The measures Qantas has taken to control the potential damage coronavirus may cause reveals important lessons for founders and business managers on how to lead in times of sudden change.
Among the many industries that have been negatively impacted by the ongoing spread of COVID-19, airlines are continuing to suffer from the sudden drop in travel demand.
Flights are being cancelled, staff are being laid off and revenues are nosediving, causing some of the world’s largest airline carriers to announce major changes to their services.
Qantas is one such example of an airline that has been negatively impacted and, earlier this week, the Spirit of Australia announced that it would be taking a number of unprecedented steps in a bid to limit damage to the business and avoid going into all-out free fall.
In particular, there are three things the airline outlined that will offer business owners with some food for thought on how they might react in the event that adversity hits their own ventures.
In a press release describing the changes the group would be taking in the wake of the virus, Qantas announced it would suspend almost a quarter of all flights globally until later this year.
For many businesses, dropping almost quarter of its revenue places a tremendous strain on cash flow, making it very difficult to continue to operate.
But when commenting on the virus’s impact on financial performance, the airline stated that it was in ‘a strong position’ with a ‘robust balance sheet’ and between its cash, undrawn facilities and unencumbered assets, the group could dip into almost $8 billion if necessary.
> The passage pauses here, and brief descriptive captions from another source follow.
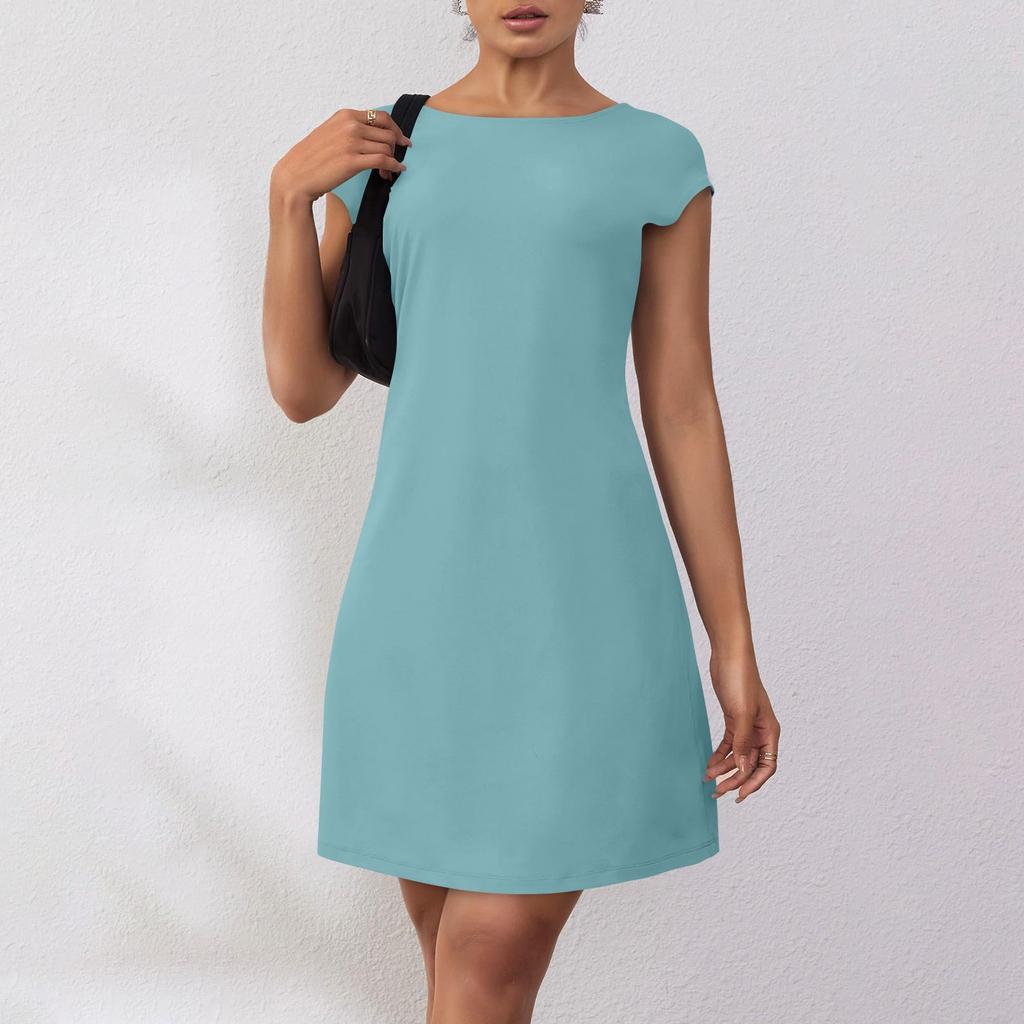 Women's Summer Casual Backless Cap Sleeve T Shirt Dress Round Neck Party Dresses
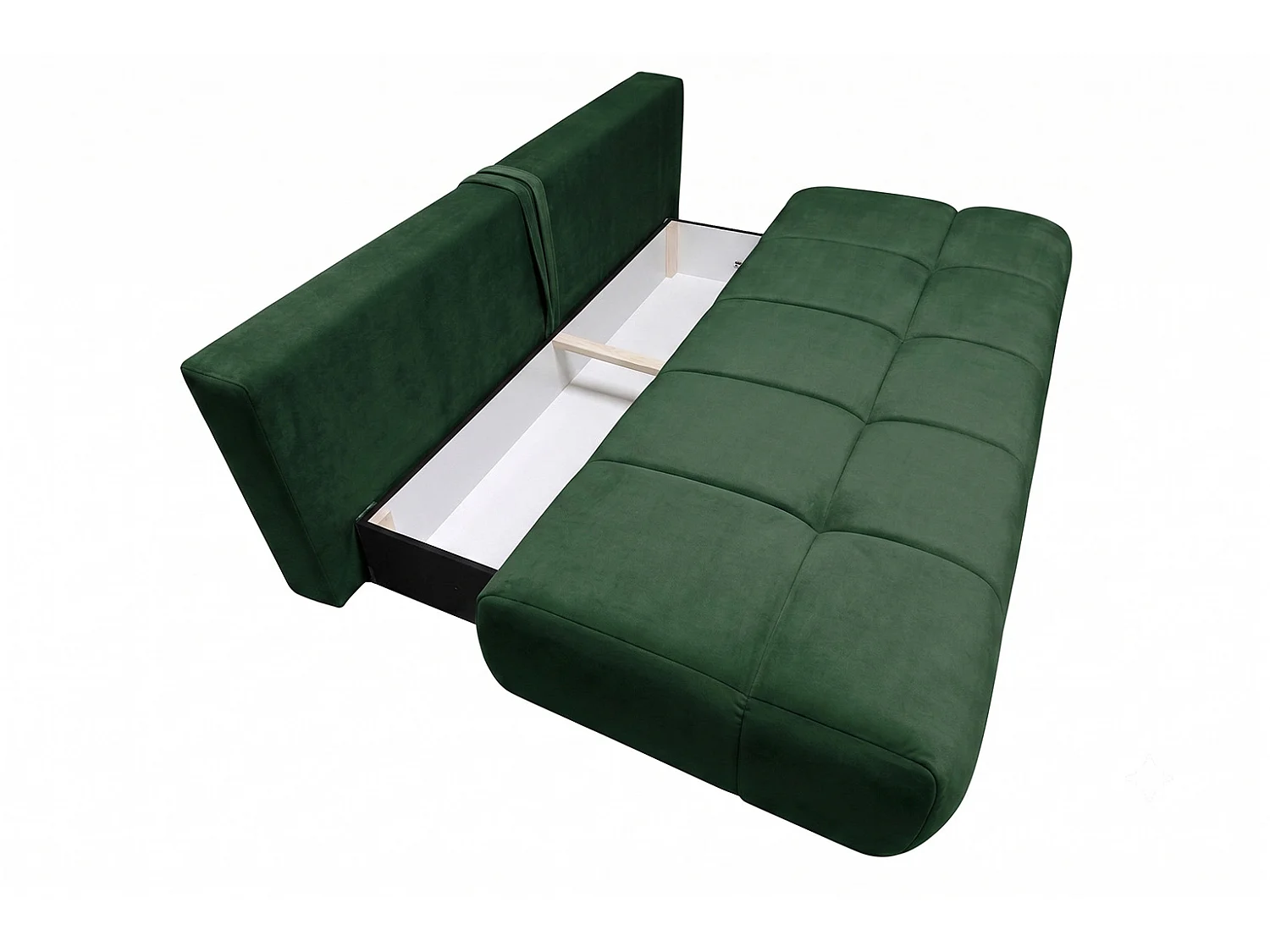 Canapé convertible avec coffre de rangement, tissu velours Bluvel, Vert, COCO
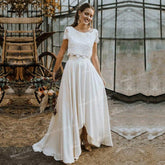 Robe de mariée deux pièces Baoleely, haut en dentelle, manches courtes, col rond, mousseline, longueur au sol, traîne, robe de mariée de plage, bouton au dos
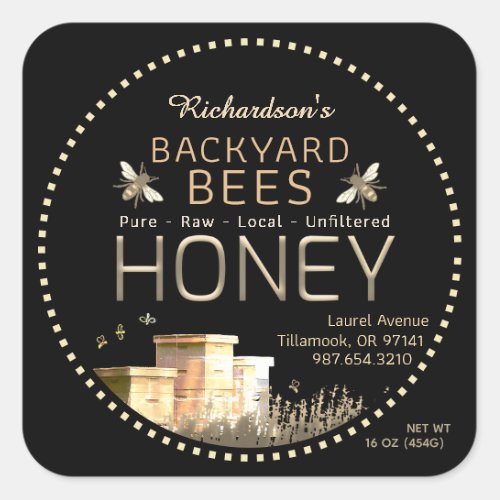 Backyard Bees Hives and Little Bees on Black Squar Square Sticker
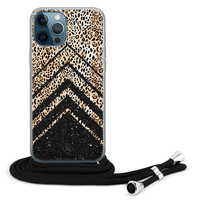 Casimoda iPhone 12 Pro Max hoesje met koord - Chevron luipaard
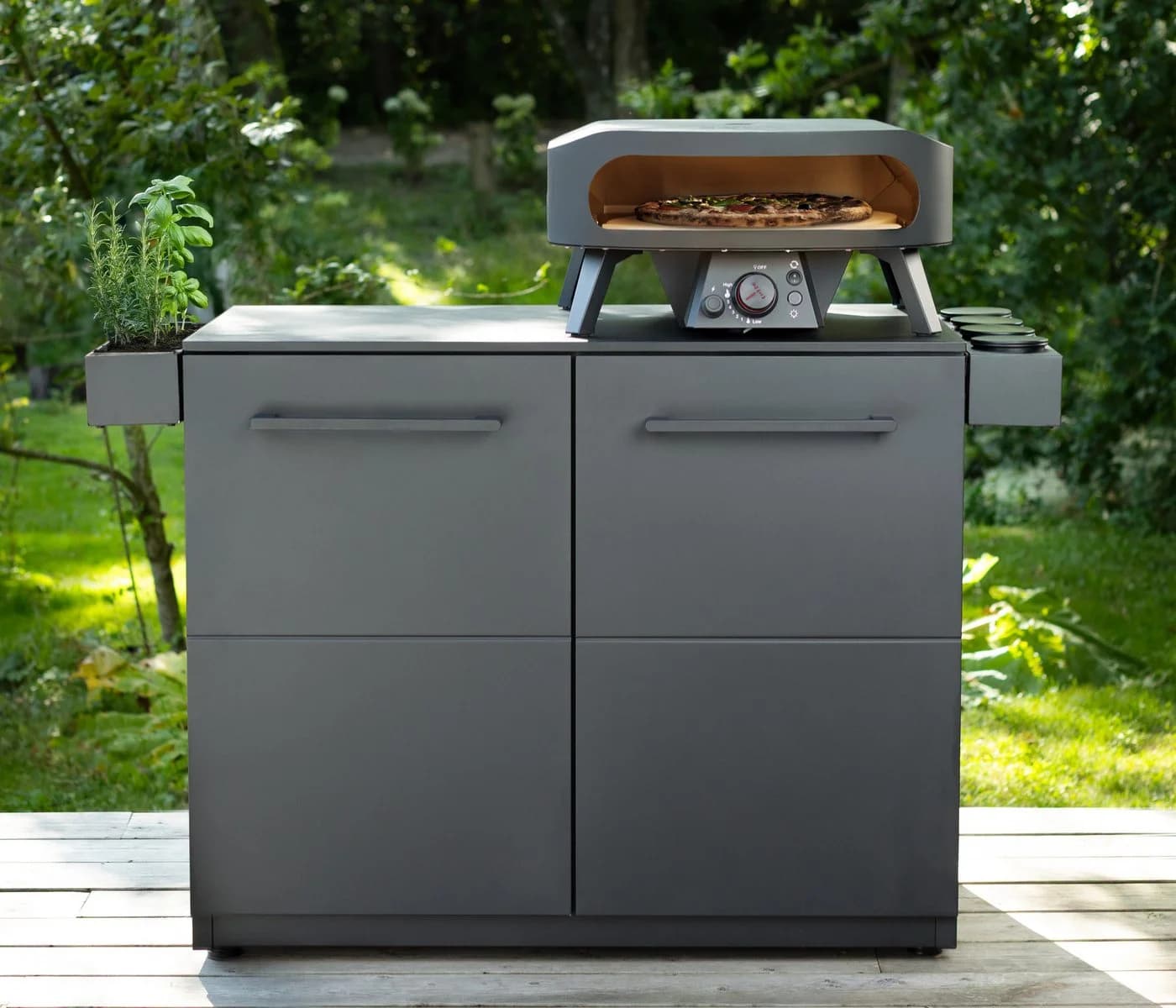 COZZE Outdoor-Küche Türmodul Elements Schwarz HPL Stahl - Bild 3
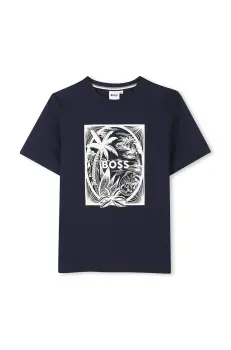 BOSS tricou de bumbac pentru copii culoarea albastru marin, cu imprimeu, J52050 imagine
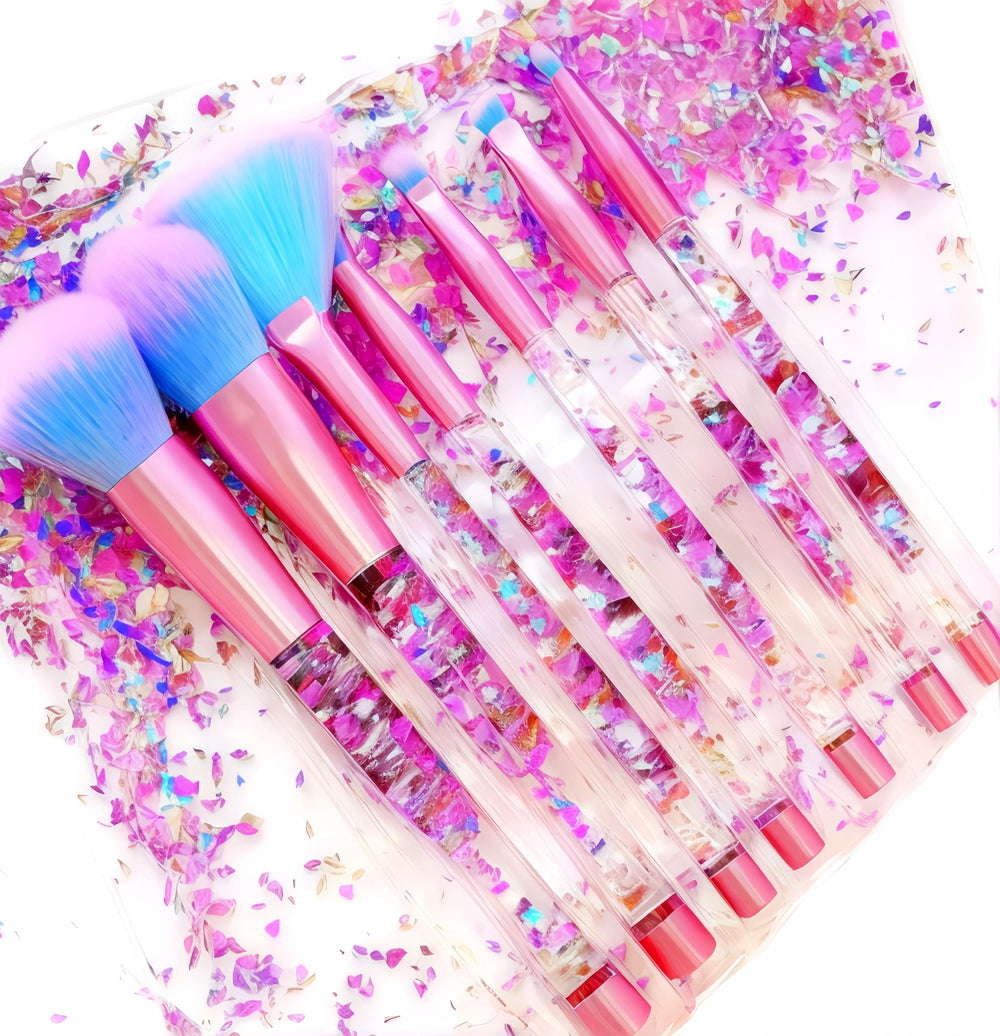 RAEEIKPHZ pinceaux licorne bleu cristal, poils doux pour un maquillage fluide.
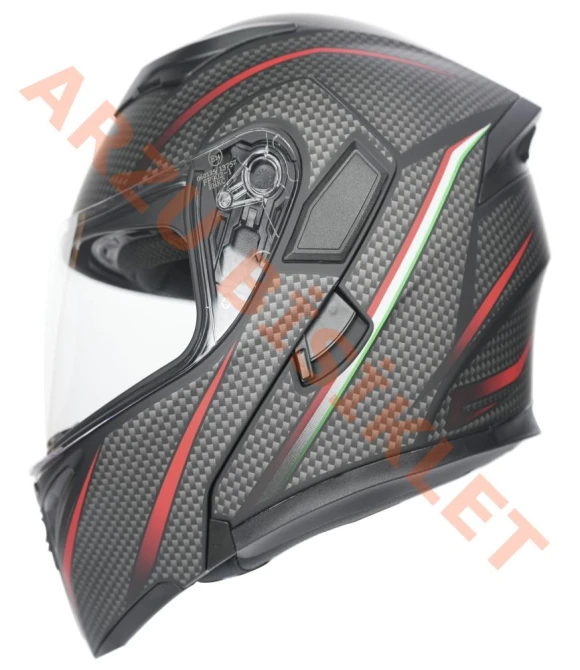 KC-ÇENE AÇILIR VİZÖRLÜ KASK [KC902] MAT SİYAH - GRİ DAMALI [L] E BELGELİ-66014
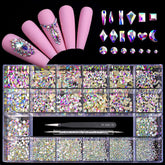 Yzzseven crystal AB diamonds close-up showcasing brilliant sparkle for nails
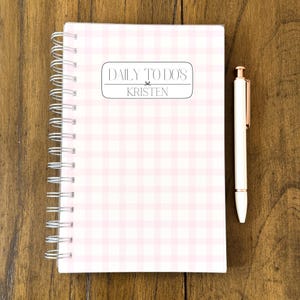 Personalized Undated Planner 5.5 x 8.5 inches Custom Spiral Planner Personalized Daily Planner Daily Agenda Daily Organizer Pink Gingham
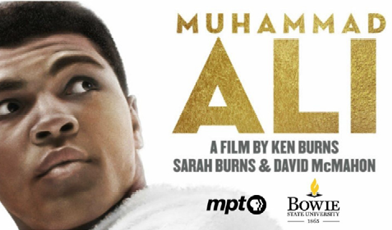 muhammad ali a film by Ken Burns, Sarah Burns and David McMahon mpt and bowie state logos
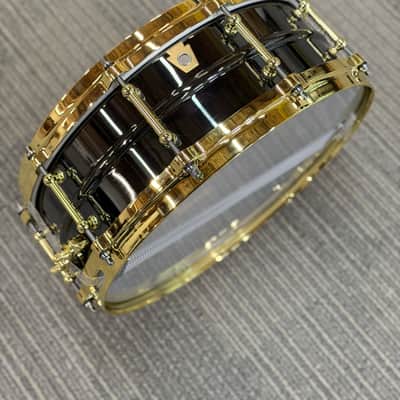 LUDWIG LB416BT-B 14X5 BLACK BEAUTY SNARE DRUM BRASS TRIM B STOCK image 8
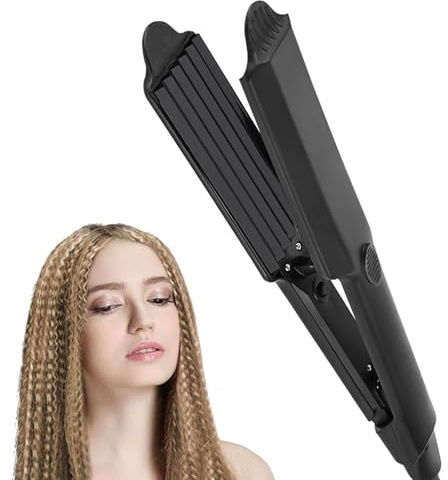 DSXVJHD Hair Crimper for Women, Professional Crimper Hair Tool, Ceramic Crimper Wave Curling, Iron Wand Wet Dry Styling Tool for Fluffy, Corn, Perm, Waves, Straight Hairstyle (Black-1)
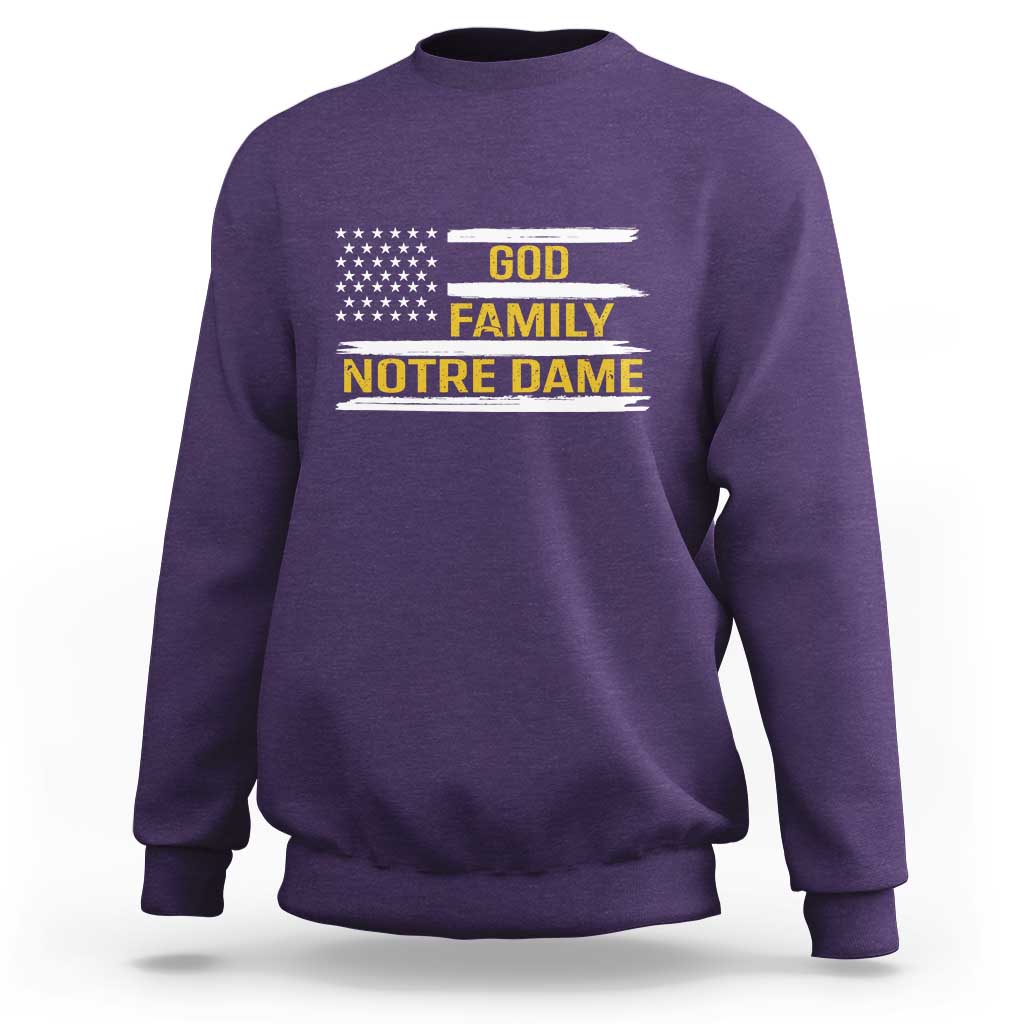 God Family Notre Dame Sweatshirt Indiana Fighting Irish Patriotic American Flag
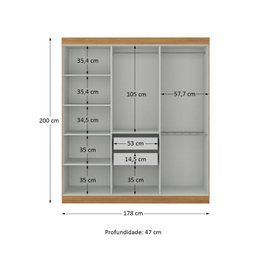 Guarda Roupa Casal Paris 6 Portas 2 Gavetas Paris Espresso Móveis - 3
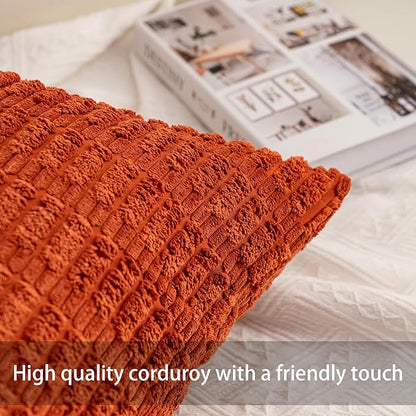 Pack of 2 Corduroy Decorative Throw Pillow Covers 20x20 InchSoft Striped Pillow Covers Modern Farmhouse Home Decor for Sofa Living Room Couch Bed（Wine Red）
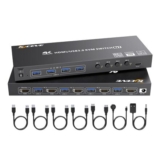 MLEEDA 4-Port HDMI KVM Switch, USB3.0, EDID Simulation, 4K60Hz/2K120Hz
Qantas’s strong financial position teaches startup founders about the importance of securing a rainy day fund for circumstances that can’t be planned for.
When business is going well, it’s easy to forget that things can turn sour in the quickest of instances. But, founders who are looking to build businesses that withstand the tests that dire change can present always need to set aside a portion of their earnings so they have a safety net to fall back on.
When a significant drop in revenue occurs, businesses look to cut back on as many costs as they can, and given the current circumstances, Qantas announced that it will be doing exactly that.
But even though the announced service changes mean the company will have in the order of 2000 surplus jobs, Qantas chief executive Alan Joyce said laying off staff was a last resort.
“Less flying means less work for our people,” Joyce said in his commentary on the group’s press release. “But we know coronavirus will pass and we want to avoid job losses wherever possible.
“We’re asking our people to use their paid leave and, if they can, consider taking some unpaid leave given we’re flying a lot less.”
This approach is an important one for startup founders to take note of. Staff aren’t just resources that can be laid off – they are people who often rely on their income for their livelihood.
No matter how dire things might become, it’s important to always put your staff first and show them the empathy they deserve, as this will bolster goodwill and support for your company when it’s needed most.
As part of its overall attempt to cut back on costs in wake of this predicament, there are several senior members of the Qantas team who are going to be sacrificing significant amounts of money until the financial year end.
In this admirable move, Qantas’s chairman will be taking no fees, the group CEO will sacrifice his entire salary and the Board will take a 30 per cent reduction in fees.
The lesson for SMEs here is a clear one: when faced with adversity, business owners need to be prepared to make sacrifices for the sake of company stability.
While salary sacrifice might not be an option for some business owners or managers – especially for those founders who are still bootstrapping – the concept of being prepared to take a temporary hit for the greater good is a practice that will always reflect positively on a business owner and plays a big part in seeing a business through a rough period.